But, I always have tried, experimented with a few each year, this year its the Florida 91. Recommended by and old Amish gentleman.

The Beefmaster this year for the huge (2lb) size and I believe they will be high acid.


Jim


----------



## Davarm (Oct 22, 2011)

Porters, Aunt Ruby's German Green, Louisiana Dixie and some we've been growing so long no one remembers the names.



Grow them for two reasons, they're heirlooms and they grow/produce well around here.

I planted 60 "Franken-Tomatoes" from a local greenhouse, Celebrities.

Grow them for canning, they are large and easy to peel but are susceptible to blight.


----------



## phideaux (Nov 7, 2015)

Has anybody tried the Mountain Pride, Mountain Fresh, Mountain Merit, ???

I've heard they are the best..

I know the Amish folks in KY, sell a lot of them.

Just wondering if their that great?



Jim


----------



## ClemKadiddlehopper (Aug 15, 2014)

None so far this year. Its too wet and cold and I didn't bother to start any.

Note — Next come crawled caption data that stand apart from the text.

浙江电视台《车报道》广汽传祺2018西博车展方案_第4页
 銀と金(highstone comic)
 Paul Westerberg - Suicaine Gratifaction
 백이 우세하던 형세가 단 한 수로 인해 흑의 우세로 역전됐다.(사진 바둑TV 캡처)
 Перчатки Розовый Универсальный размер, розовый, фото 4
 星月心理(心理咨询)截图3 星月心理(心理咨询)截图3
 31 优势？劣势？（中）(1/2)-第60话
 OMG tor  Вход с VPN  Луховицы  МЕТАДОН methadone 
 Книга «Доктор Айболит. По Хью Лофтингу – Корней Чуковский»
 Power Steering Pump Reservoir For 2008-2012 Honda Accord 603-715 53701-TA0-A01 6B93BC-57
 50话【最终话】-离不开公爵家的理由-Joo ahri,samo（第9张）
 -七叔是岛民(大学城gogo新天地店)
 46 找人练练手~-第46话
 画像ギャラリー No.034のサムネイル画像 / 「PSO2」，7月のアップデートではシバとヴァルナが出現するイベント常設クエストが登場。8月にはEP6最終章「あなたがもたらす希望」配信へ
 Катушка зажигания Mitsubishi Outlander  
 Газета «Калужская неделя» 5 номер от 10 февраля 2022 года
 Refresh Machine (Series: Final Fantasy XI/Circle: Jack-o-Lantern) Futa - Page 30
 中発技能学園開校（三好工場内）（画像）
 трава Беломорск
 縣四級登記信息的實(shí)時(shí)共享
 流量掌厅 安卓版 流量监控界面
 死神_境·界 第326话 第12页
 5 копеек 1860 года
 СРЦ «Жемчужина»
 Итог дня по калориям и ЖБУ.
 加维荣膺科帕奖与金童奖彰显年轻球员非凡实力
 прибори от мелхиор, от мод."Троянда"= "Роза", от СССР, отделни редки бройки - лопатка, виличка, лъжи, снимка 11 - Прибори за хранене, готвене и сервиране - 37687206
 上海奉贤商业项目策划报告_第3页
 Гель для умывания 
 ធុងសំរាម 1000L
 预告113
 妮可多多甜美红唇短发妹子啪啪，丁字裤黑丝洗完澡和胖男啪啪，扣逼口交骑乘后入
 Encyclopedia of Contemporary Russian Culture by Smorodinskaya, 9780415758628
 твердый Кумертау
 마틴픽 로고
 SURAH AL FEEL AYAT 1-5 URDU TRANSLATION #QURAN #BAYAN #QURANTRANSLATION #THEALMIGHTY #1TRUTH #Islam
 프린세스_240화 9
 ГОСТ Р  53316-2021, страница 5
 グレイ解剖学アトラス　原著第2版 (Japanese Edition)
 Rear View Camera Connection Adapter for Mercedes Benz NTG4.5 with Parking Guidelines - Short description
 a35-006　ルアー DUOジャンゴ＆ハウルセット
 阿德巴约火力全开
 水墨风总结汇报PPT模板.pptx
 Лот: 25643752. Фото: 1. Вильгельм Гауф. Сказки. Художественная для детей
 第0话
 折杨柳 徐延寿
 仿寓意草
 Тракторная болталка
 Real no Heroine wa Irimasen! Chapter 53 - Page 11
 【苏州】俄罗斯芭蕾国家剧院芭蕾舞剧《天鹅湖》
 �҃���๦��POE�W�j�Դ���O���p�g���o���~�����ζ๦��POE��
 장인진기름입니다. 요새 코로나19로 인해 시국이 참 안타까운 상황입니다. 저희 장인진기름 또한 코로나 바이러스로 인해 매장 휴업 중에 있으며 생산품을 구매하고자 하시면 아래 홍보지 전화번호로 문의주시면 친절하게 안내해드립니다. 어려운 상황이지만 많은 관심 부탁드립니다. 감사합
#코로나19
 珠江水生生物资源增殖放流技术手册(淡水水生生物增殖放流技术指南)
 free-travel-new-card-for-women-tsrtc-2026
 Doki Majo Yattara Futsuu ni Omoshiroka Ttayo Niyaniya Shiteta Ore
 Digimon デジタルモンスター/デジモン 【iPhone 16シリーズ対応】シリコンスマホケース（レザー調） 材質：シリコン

Last year Carbon grew really big (1-3 lbs.)and prolific during a drought; the old horse corral might have had something to do with that. Also a mess of brown, orange, and yellow cherries did well in the drought but the reds and some other yellows did not. I don't know the names any more, but I save my own seed. I was getting about 5 gallons of cherries a day without watering because the well was dry. Cherry tomatoes make good snacks; really tasty and wet on a hot day.


----------



## bacpacker (Jul 15, 2011)

Rutgers, German Johnson, San Marzano, black ,cherry, lemon drop, and Lemon Boy.


----------



## obg12 (Apr 9, 2016)

Cherry & Beefmaster


----------



## Tweto (Nov 26, 2011)

I grow the following from seeds.

Roma Tomatoes
Cucumber
Squash
Radishes
Green Peppers
Anaheim Peppers
Cantaloupe

Strawberries I purchased as plants

This year is a smaller garden then I had in the past.


----------